Fin du XIème siècle, dans la région des Flandres maritimes, une femme à la poigne de fer, règne sur le château de Gisphild. Isentraud est son nom : elle n'hésite pas à employer tous les moyens, torture et mise à mort comprises, pour que son domaine garde sa splendeur. Mais ce qu'elle veut surtout c'est régner en maîtresse absolue de son domaine.....



"Au squelette d'autrui, Isentraud, dame de Gisphild, être sans pitié, aiguisait ses canines. Au cœur faible, elle opposait le mur de son mépris. A l'esprit retors, elle réservait la torture puis une cellule sombre jusqu'à ce que mort s'ensuive. Au fauteur de troubles, elle désignait la place publique où le spectacle d'une pendaison ou d'une roue rappelait l'intérêt et suscitait le goût de la soumission.(p9)"
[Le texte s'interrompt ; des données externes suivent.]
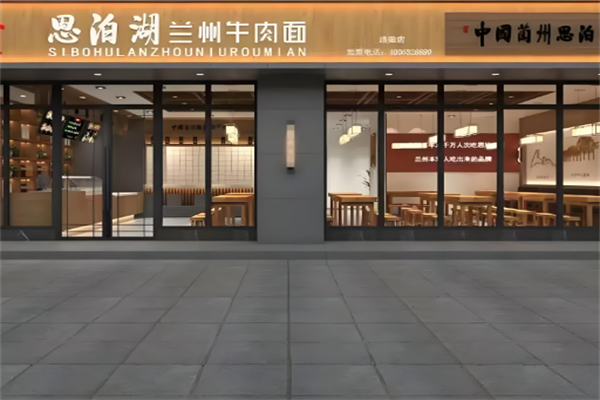 思泊湖牛肉面 思泊湖牛肉面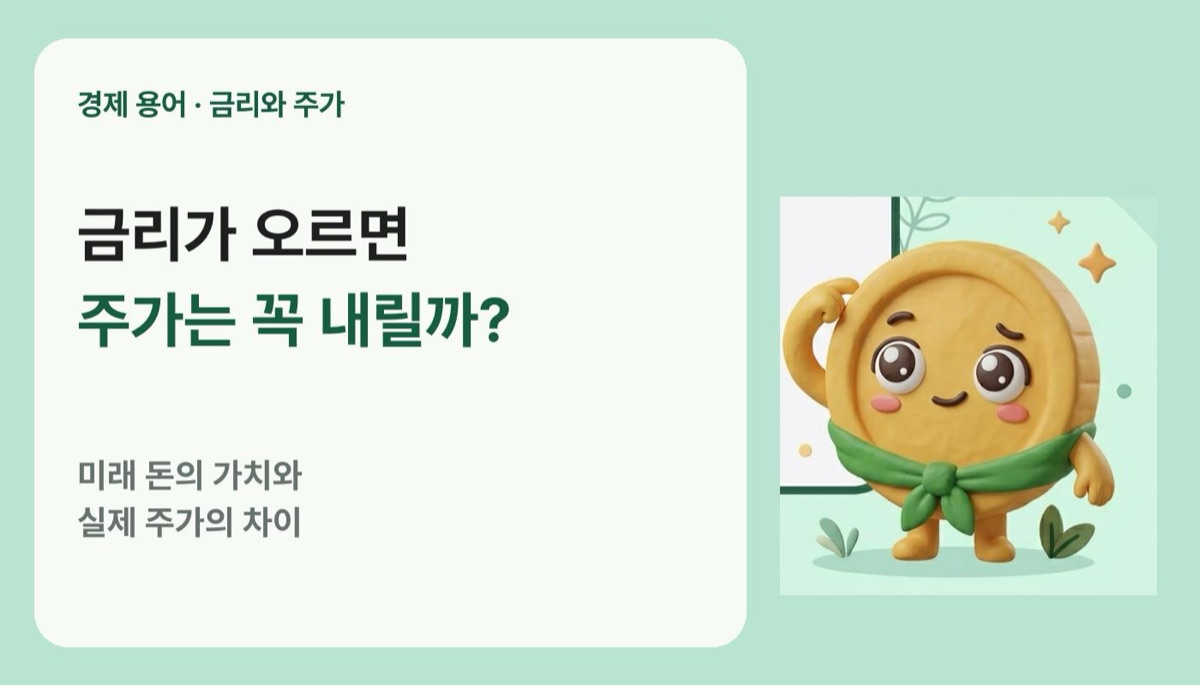 금리가 오르면 주가는 왜 내리나, 항상 반대로 움직일까?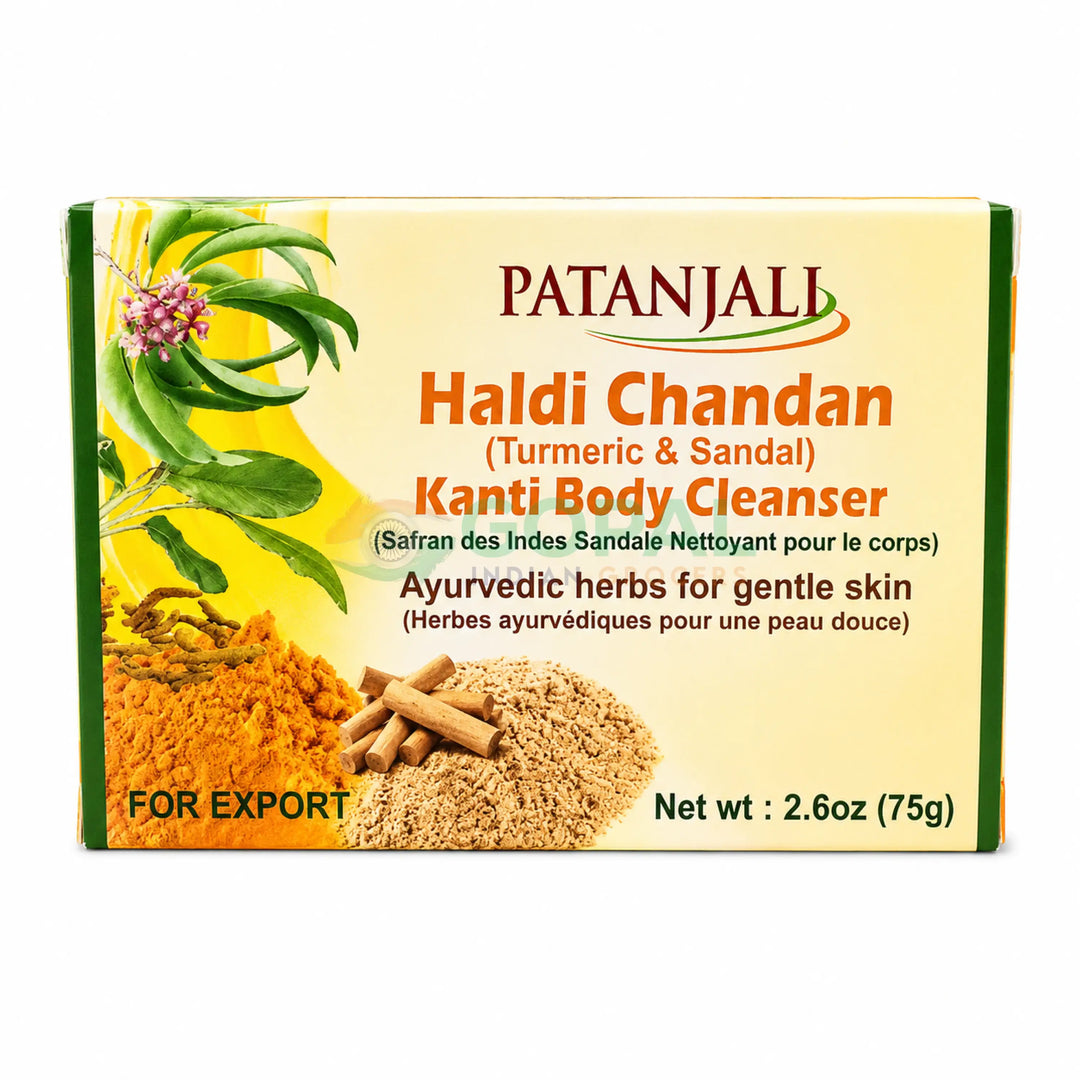 Patanjali Haldi Chandan Kanti Body Soap 75g - Body Care
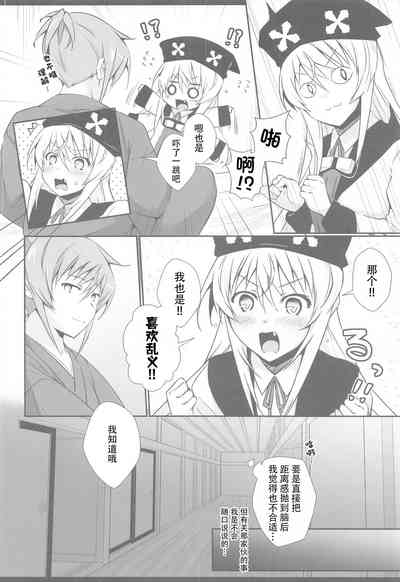 第22頁圖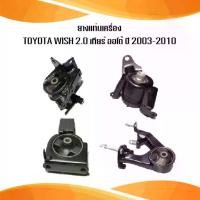 ราคา ยางแท่นเครื่อง toyota wish 2.0 เกียร์ ออโต้ โตโยต้า วิช ปี 2003-2010 /IR (1733739860171392060)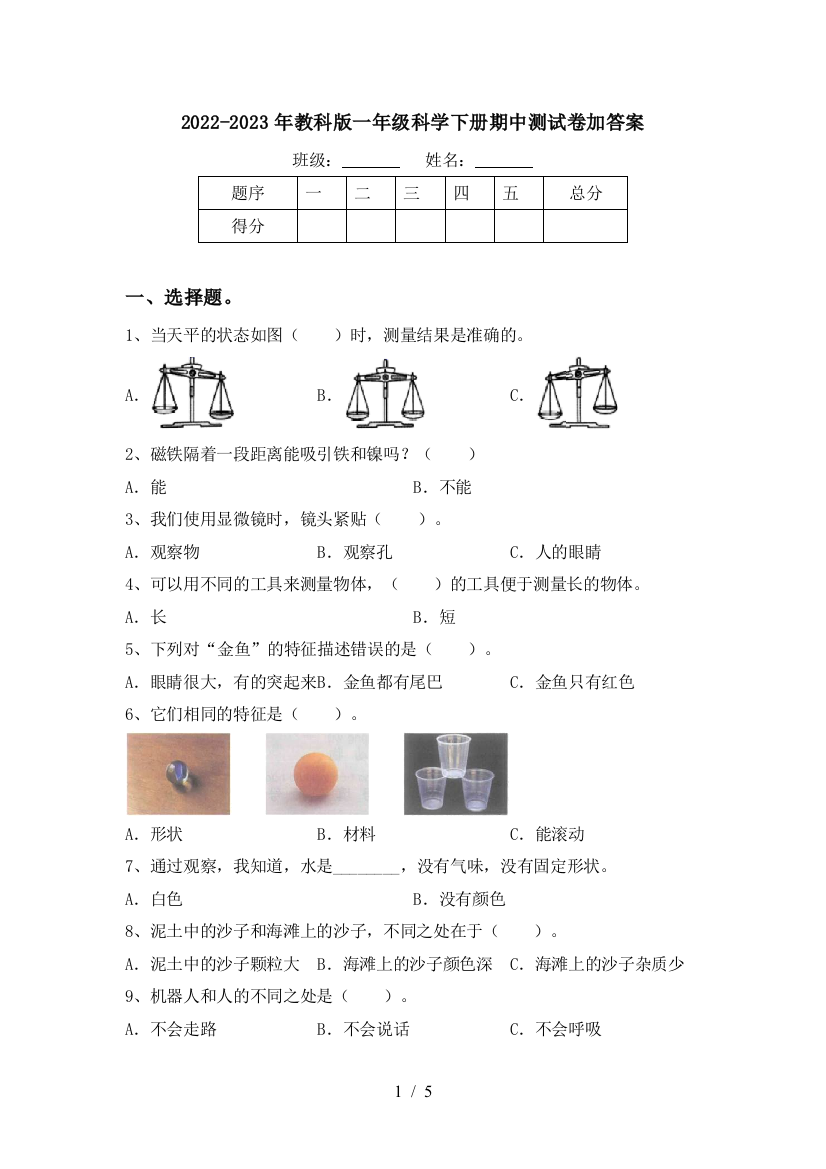 2022-2023年教科版一年级科学下册期中测试卷加答案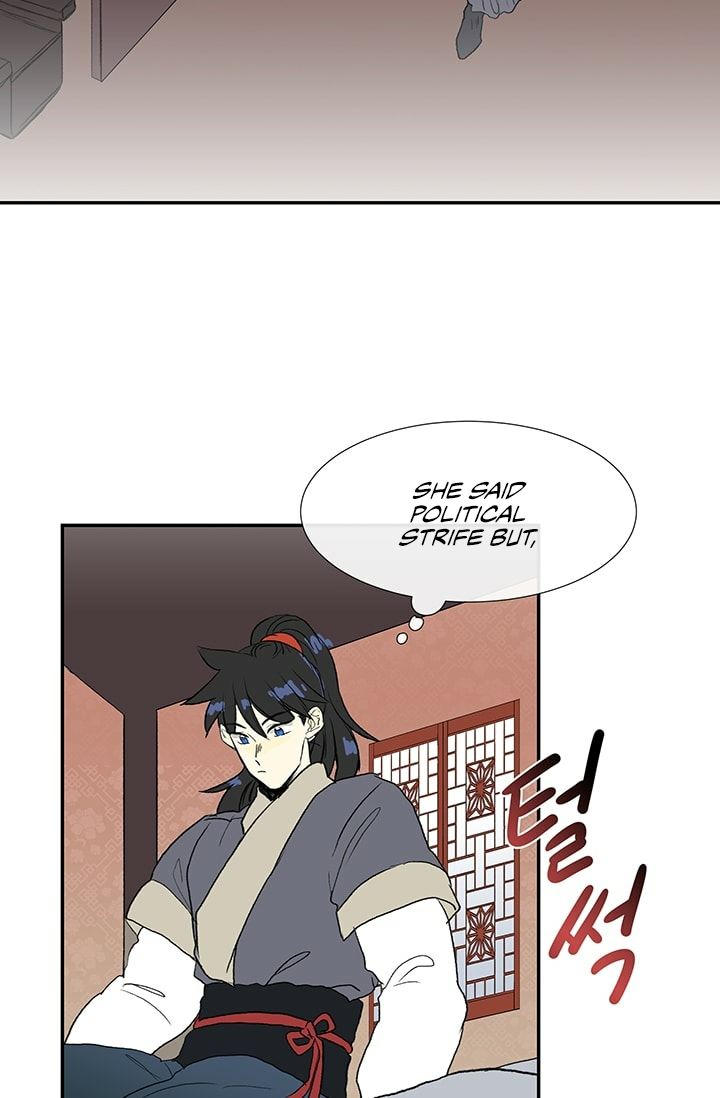The Scholar's Reincarnation Chapter 101 page 24 - Chapter 101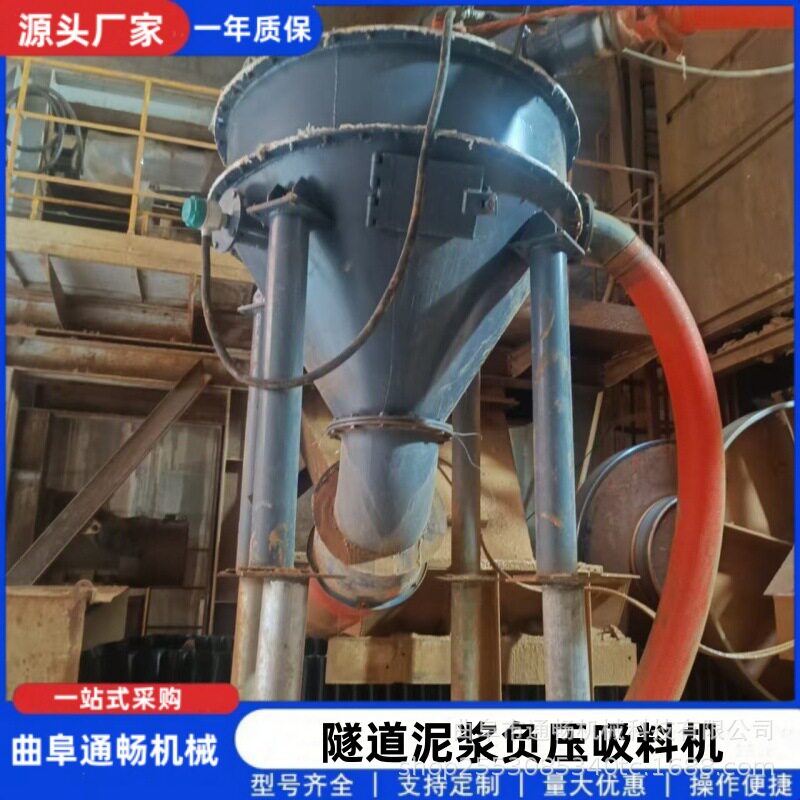 中铁隧道盾构真空吸泥浆输送机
Même son fils Arbogast plie sous ses injonctions : il est contraint d'enfermer et d'affamer sa jeune femme, Goda, pour répondre aux attentes de sa mère qui se veut être seule femme influente dans le royaume. Autour d'eux gravitent Sire Bruni, l'ami d'Arbogast, vaillant chevalier qui va s'éprendre d'Abrielle, une jeune femme savante en plantes et connaissances de la nature. Mais Goda est bonne et va s'attirer, par ses bontés, la sympathie du peuple et cela Isentraud ne peut le supporter.



Confrontation entre le pouvoir de la bonté et celui de la peur, Isentraud n'aura de cesse d'éliminer sa rivale, celle-ci ayant trouvé en Abrielle une amie et alliée. Chacun aura des choix à faire,  mais la révolte gronde car plane également dans le pays un autre mal, celui des Ardents, rongeant âmes et corps, emportant les plus faibles.



"Ceux qui avaient attrapé cette maladie, un beau matin, sombraient dans la mélancolie et l'accablement. Ils voyaient la première tache sur un membre qui s'étendait, noirâtre, brûlante et puante. Ils cessaient de sentir le bout de leurs doigts et entendaient des voix. La gangrène s'installait. Ils sentaient la chaleur les cuire et l'étisie s'annonçant, leur peau commençait à partir. (p92)"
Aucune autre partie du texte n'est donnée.